## PROMPT
In the entries that follow, repeat exactly the lines from the one that has "Sterling Silver Medical ID Bracelet" through the one that has "industrial wedding decor", but omit pictures.

START ENTRIES SHOWN

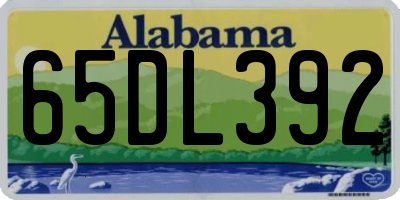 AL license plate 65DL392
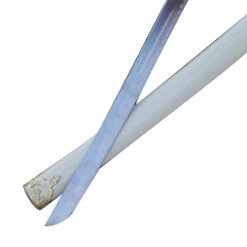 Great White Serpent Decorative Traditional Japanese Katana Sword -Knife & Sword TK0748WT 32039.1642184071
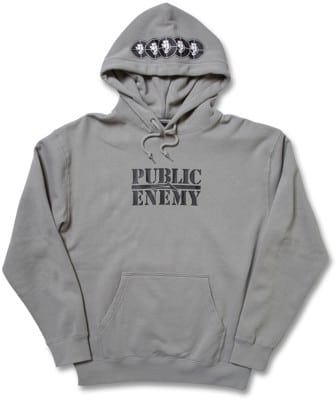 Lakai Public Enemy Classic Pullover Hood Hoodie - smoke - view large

END ENTRIES SHOWN
START ENTRIES SHOWN

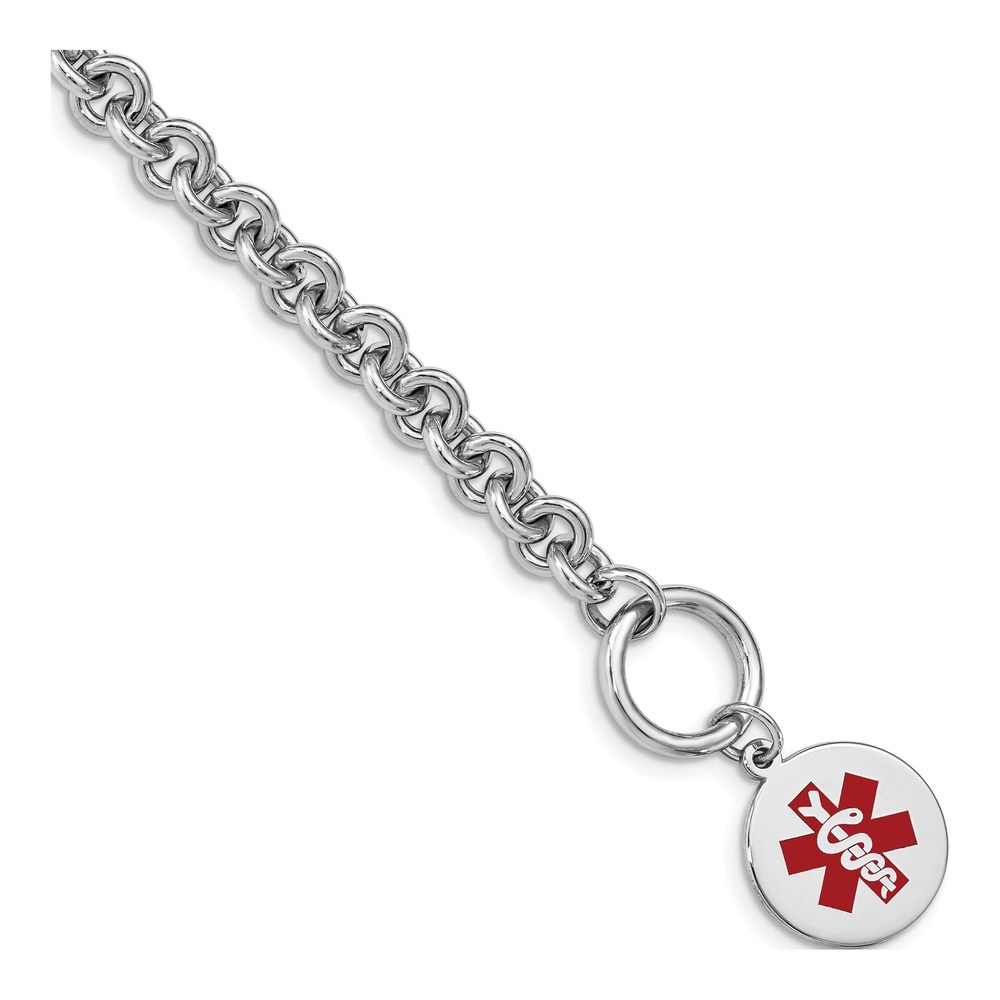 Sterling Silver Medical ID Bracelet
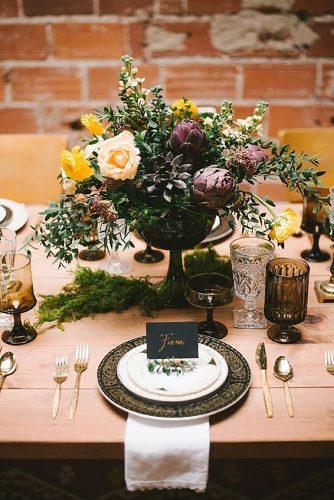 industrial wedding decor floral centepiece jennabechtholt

END ENTRIES SHOWN
START ENTRIES SHOWN

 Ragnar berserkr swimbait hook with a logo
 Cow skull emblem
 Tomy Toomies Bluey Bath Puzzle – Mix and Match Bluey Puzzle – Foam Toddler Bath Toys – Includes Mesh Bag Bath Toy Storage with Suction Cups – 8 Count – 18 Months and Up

END ENTRIES SHOWN

## TASK RESULT
 Sterling Silver Medical ID Bracelet
 industrial wedding decor floral centepiece jennabechtholt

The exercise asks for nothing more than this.